This morning, I did my usual pre-work routine of coffee, more coffee and checking the headlines and other sites I keep an eye on. I’ll admit to smiling more than once to see some of the election results from across the nation. Nope, not going to get into those in this port. I shook my head to see how both sides of the debate about whether Pope Pious was “Hitler’s Pope” or not are scrambling to justify their positions ahead of a new bunch of books coming out. I had no surprise at all to read the Uvalde school police chief failed to appear at the latest city council meeting–and he is a member of said council, sworn in
secretly privately last week. But one short post did catch my eye and had me chasing down the original tweet to see what was going on.
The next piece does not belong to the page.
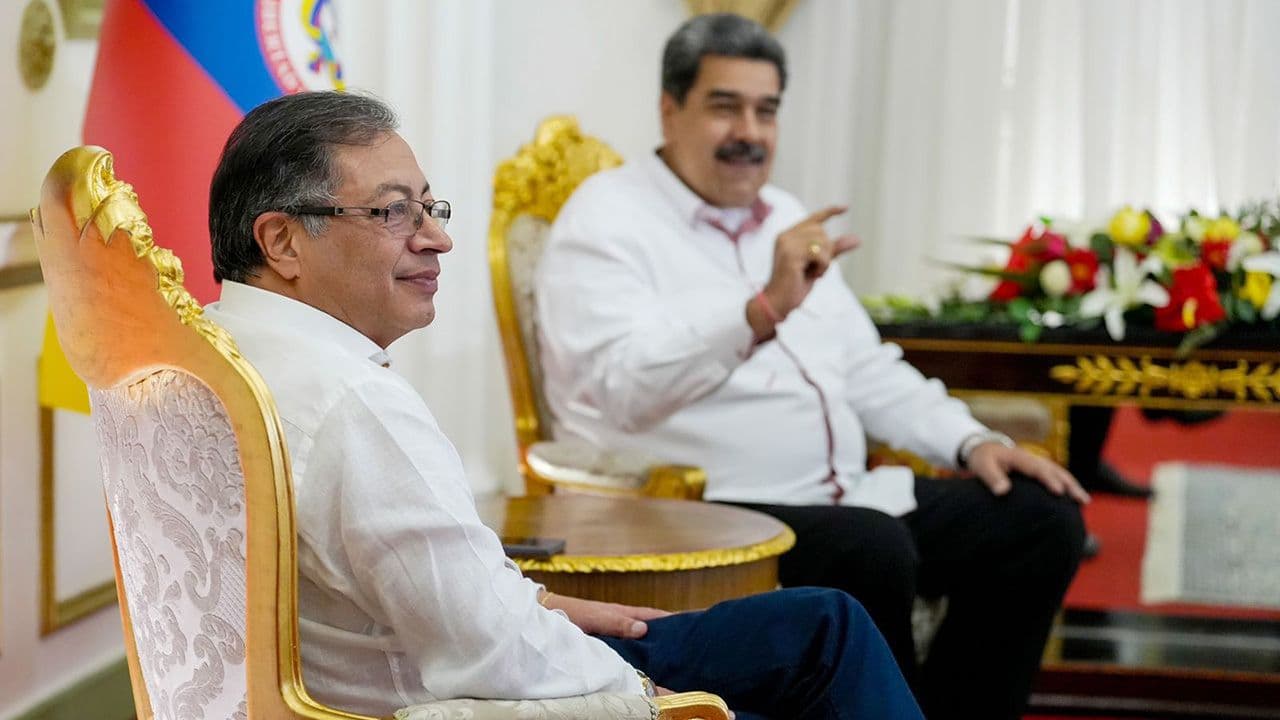 Presidente Petro y Nicolás Maduro Moros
Here’s the tweet that started it all.
Went into a bookstore today. This makes me ashamed of my country. 🙁 pic.twitter.com/vomAjchxGZ
— Leesa 💙💛 (@BeckiJr) June 6, 2022
What the thumbnail doesn’t show is the sign above the books labeling them “banned books”. On the site where I first saw this, most of the comments poked fun at the OP for her caption and pointing out that the books can’t really be “banned” if she is able to buy them in the store. The comments on the actual Twitter thread are a bit more mixed. But it started me thinking about such displays, the whole “Banned Book Month” and the like.
As the title of this post says, context is everything. In this case, context goes beyond the OP’s caption and it even goes beyond the signage above the books. It goes, in this case, to why this particular B&N store has that particular display and what it really means.
It didn’t take more than a minute or two to get to the bottom of it. Once I realized the picture did look like it was taken inside a B&N store, I did a quick online search for “Barnes & Noble banned books”. That brought up a lot–and I do mean a lot–of hits. But the first couple went straight to the heart of the picture and the thesis of this particular post. BN does have a section on their website for “Banned & Challenged Books”. If you take a look at the first few rows of titles, you’ll recognize most, if not all, of them. You will also see they aren’t all new books–nor newly challenged or “banned”.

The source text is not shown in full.